Field of the Month Initiative (2021-2022)

The Metadata Working Group (MWG) kicked off a Field of the Month initiative in October 2021. This project is intended to help ensure that we move forward with implementing last year’s recommendations for revisions to a variety of fields, many of which are still in the planning stage because they are dependent on metadata clean-up and/or we have not made a decision on our tolerance of metadata inconsistencies.

Each month for the next year, we will highlight one ScholarWorks field, rolling out revised help text on the work forms and guidance to campuses for required vs. optional metadata clean-up. This information will be shared at each Open Forum meeting (the first Friday of each month) as well as through subsequent email communications. Changes will also be tracked in the Metadata Change Log.

For additional background information, please consult the MWG slide deck from the October 1, 2022 Open Forum.

Batch Metadata Editing Instructions

If you are not yet familiar with the batch metadata editing process for ScholarWorks, please consult the training documentation created by David Walker.

Shortcut links to the more detailed updates on and instructions for each field are below.

Field #1: Title (December 2021-January 2022)

Overview

In 2020-2021, the MWG identified the need for additional clarity regarding capitalization practices for the Title field, which formerly advised users to capitalize the first word and any proper nouns, as shown in the screenshot below.

Title help text reads enter the main title of the work with the example of Places to see in San Francisco and guidance to capitalize the first word and any proper nouns.

In keeping with the 2020-2021 recommendation of the MWG, David Walker has updated the Title field help text to allow for sentence case or title case capitalization. The help text now also links to a title case converter, as shown in the screenshot below.

Clean-up Recommendations (Optional)

The MWG has not identified clean up of existing Title metadata that is not in compliance with the above change (e.g., all caps) as a requirement. However, campuses are welcome to undertake this clean up, and two potential methods are detailed below. We encourage campuses to choose whichever method will best meet your needs, and you are welcome to adjust the process as you see fit. Based on initial testing, both methods handle diacritics well.

Option #1: Using the Title Case Converter

The Title Case Converter allows you to convert text based on the capitalization guidelines of various formatting styles.

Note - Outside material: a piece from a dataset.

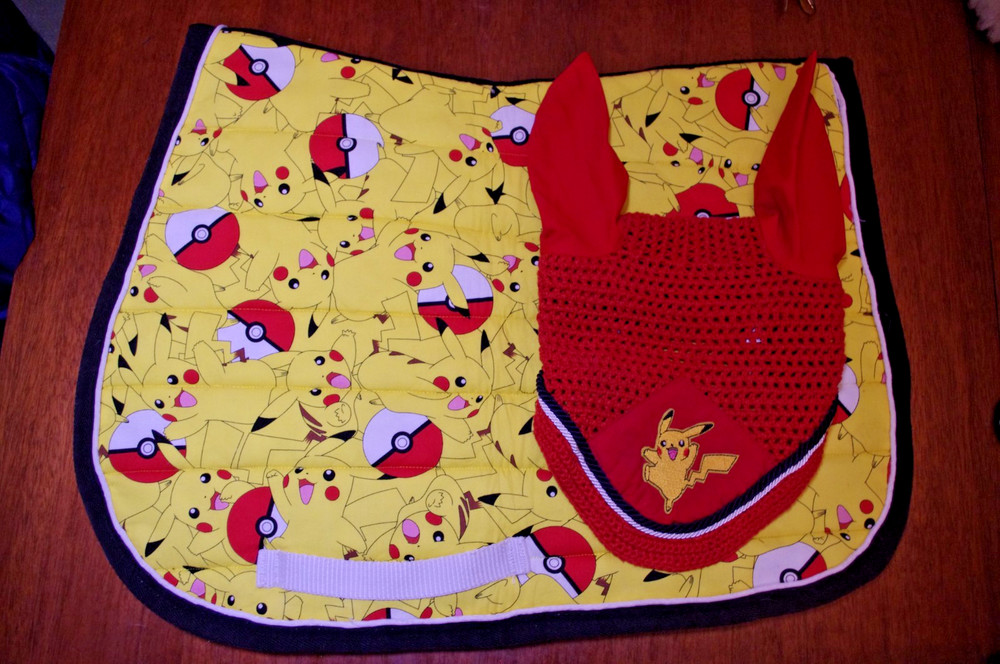 Pikachu Pokemon Saddle Pad Handmade Pony Size with Bonnet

To facilitate batch editing, your campus may want to decide to use one style in all cases, regardless of disciplinary variations. Please consult the Which Title Case Style Should You Use? page for additional information.

  1. Download the .zip file for your campus. Contact David if you don’t have that URL.

  2. There is a separate CSV file within the .zip file for each data model/work form, of which we currently have four: dataset, educational resource, publication, and thesis. If your campus will be cleaning up Title metadata for more than just ETDs, you will need to complete the following clean up steps for each CSV separately.

  3. For each CSV file, download it and save it locally. Then delete all fields (columns) except for id (column A) and title (column I).

  4. Then open a Google Sheet, click File > Import, click the Upload tab, and select or drag and drop the CSV file into the window. As shown in the screenshot below, be sure to uncheck the “Convert text to numbers, dates, and formulas” option before clicking “Import data.”

  5. Then copy data from the Title field and paste it into the Title Case Converter. Note: The converter does not have an explicit character limit, but it seems to work best with 500 or fewer words, so you will probably need to do this in batches.

  6. Select the title case style your campus has decided to use. If your titles are in all caps, you will also want to uncheck the “Keep Words in All Caps” option. Then click the “Convert” button.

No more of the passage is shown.